Output exactly, and only, the lines below from the one with "Hotel La Posada" down to the one with "Dopper Original Bouteille". Include both end lines and no pictures.

▶ _Data for this exercise_:
▬▬▬

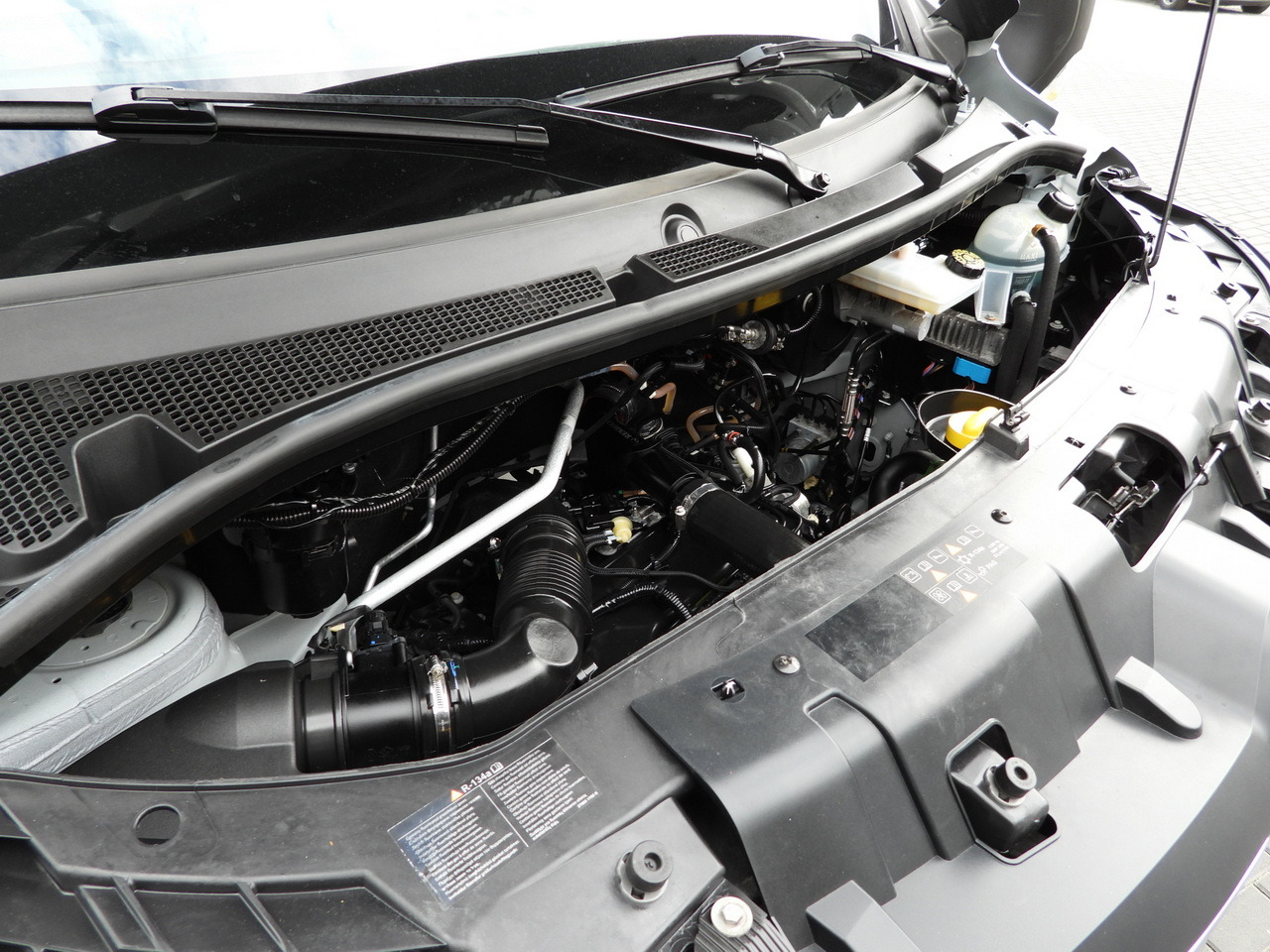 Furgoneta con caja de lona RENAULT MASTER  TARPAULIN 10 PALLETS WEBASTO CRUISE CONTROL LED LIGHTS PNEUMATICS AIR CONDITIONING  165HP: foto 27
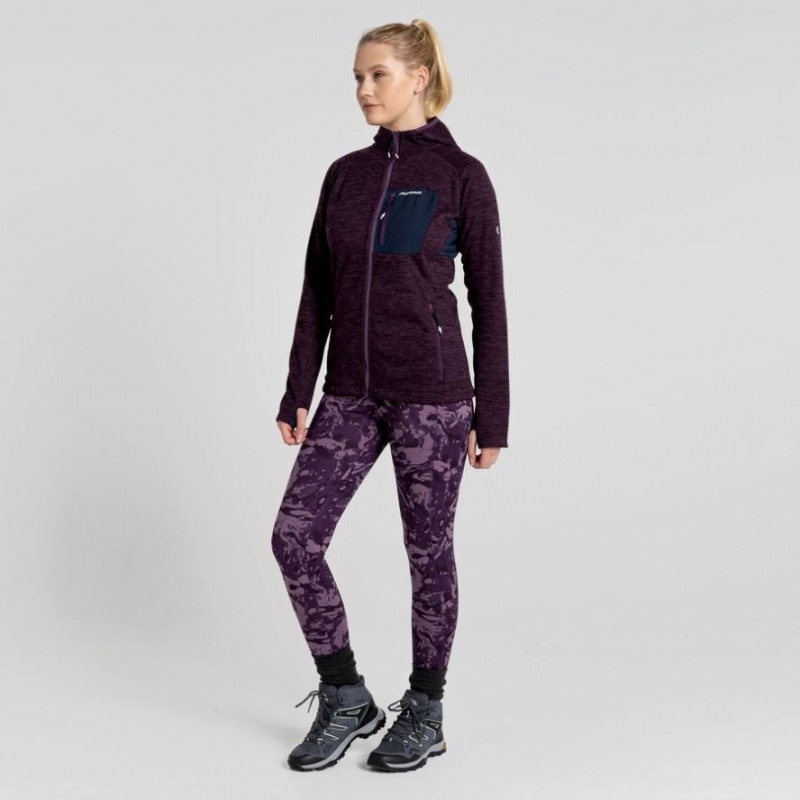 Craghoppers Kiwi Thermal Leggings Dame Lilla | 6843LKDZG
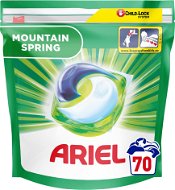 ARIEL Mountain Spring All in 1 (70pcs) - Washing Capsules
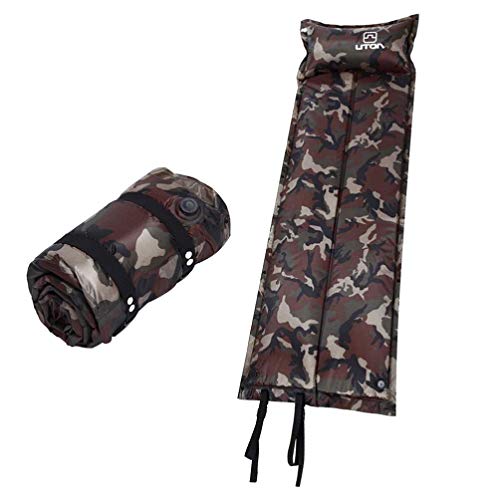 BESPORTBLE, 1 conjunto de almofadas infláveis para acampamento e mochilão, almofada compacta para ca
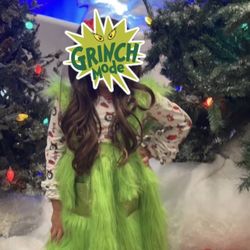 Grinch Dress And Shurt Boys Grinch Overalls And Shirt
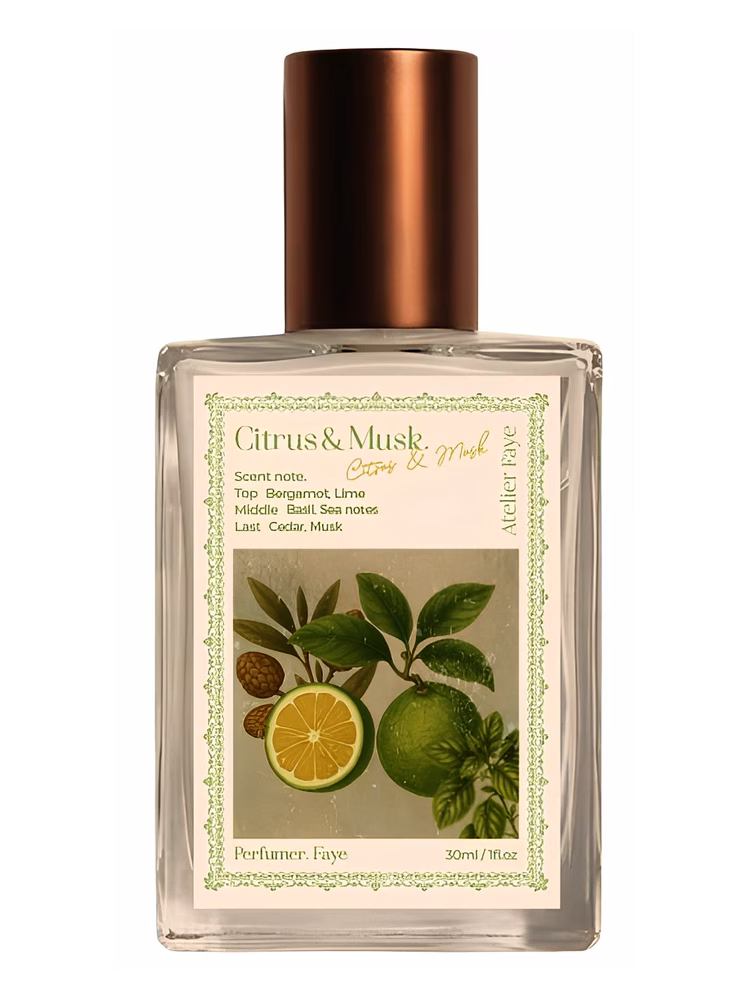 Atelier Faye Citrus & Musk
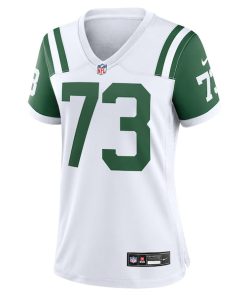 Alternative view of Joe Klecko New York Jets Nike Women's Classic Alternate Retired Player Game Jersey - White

▬▬▬

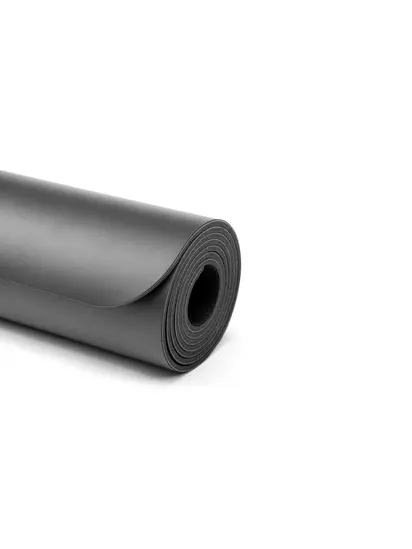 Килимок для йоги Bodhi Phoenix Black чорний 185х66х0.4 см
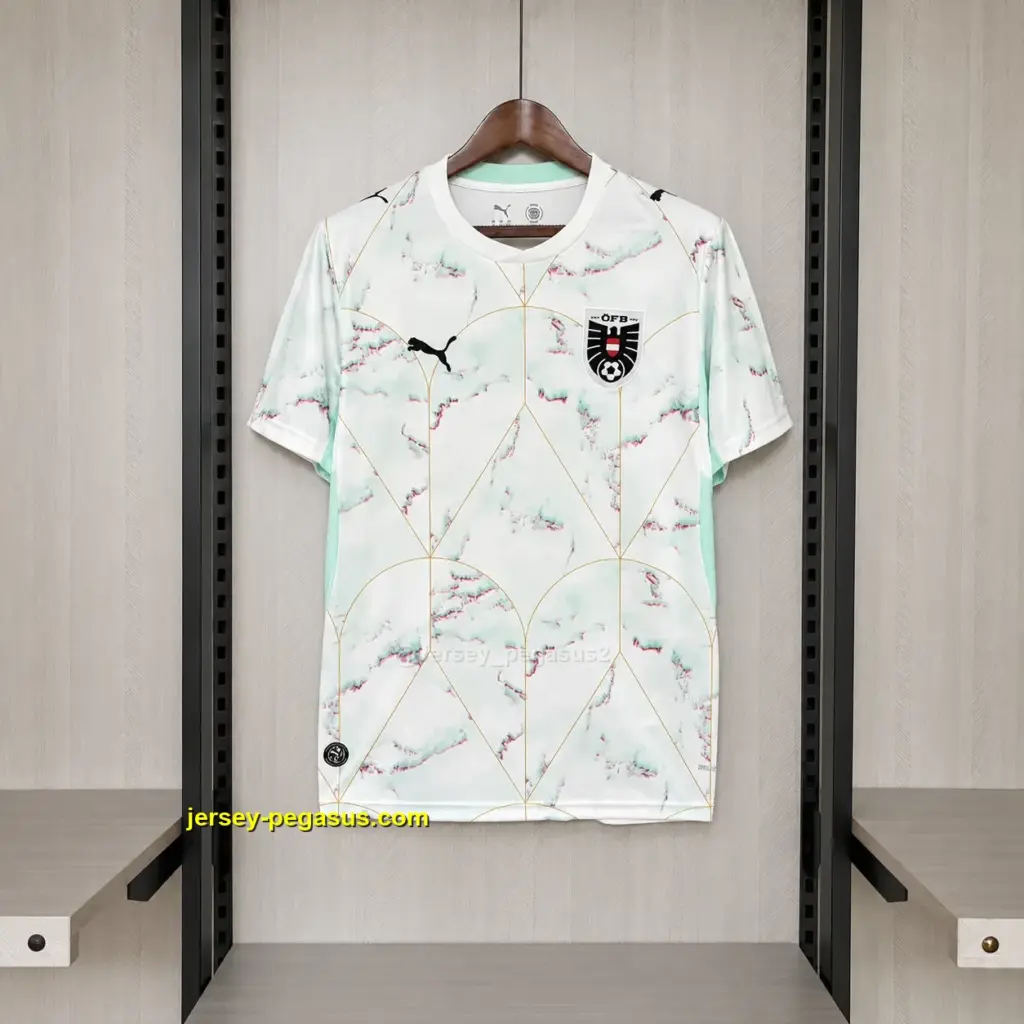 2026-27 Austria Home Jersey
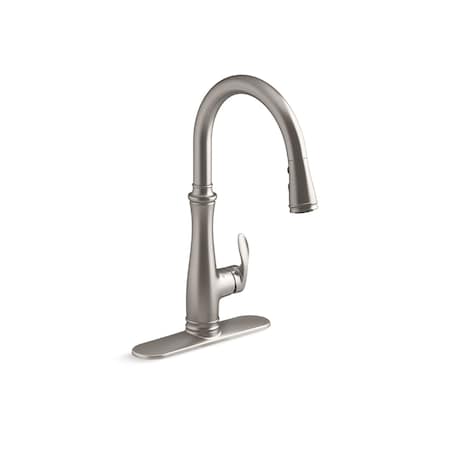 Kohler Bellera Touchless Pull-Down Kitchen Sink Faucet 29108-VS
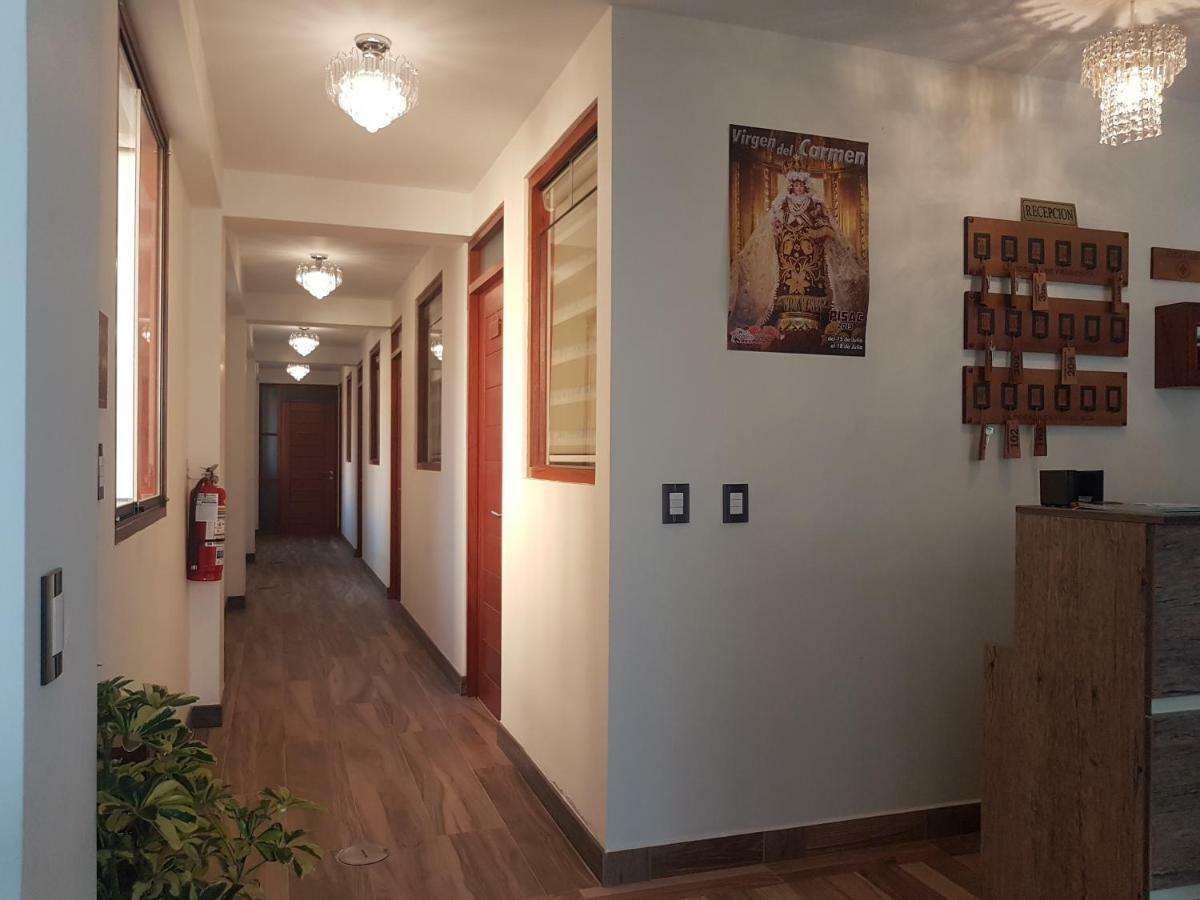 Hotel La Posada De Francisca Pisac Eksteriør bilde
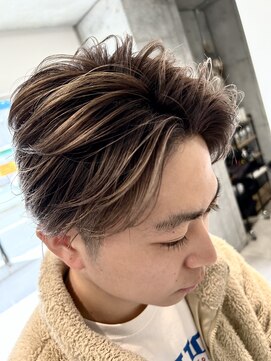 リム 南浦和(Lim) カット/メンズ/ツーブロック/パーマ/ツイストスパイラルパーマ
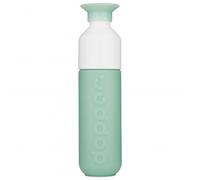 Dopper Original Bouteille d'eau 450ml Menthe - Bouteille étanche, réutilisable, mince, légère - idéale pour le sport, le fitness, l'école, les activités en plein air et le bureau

▬▬▬

▶ _Exercise output_:
 Hotel La Posada De Francisca Pisac Eksteriør bilde
 リム 南浦和(Lim) カット/メンズ/ツーブロック/パーマ/ツイストスパイラルパーマ
 Dopper Original Bouteille d'eau 450ml Menthe - Bouteille étanche, réutilisable, mince, légère - idéale pour le sport, le fitness, l'école, les activités en plein air et le bureau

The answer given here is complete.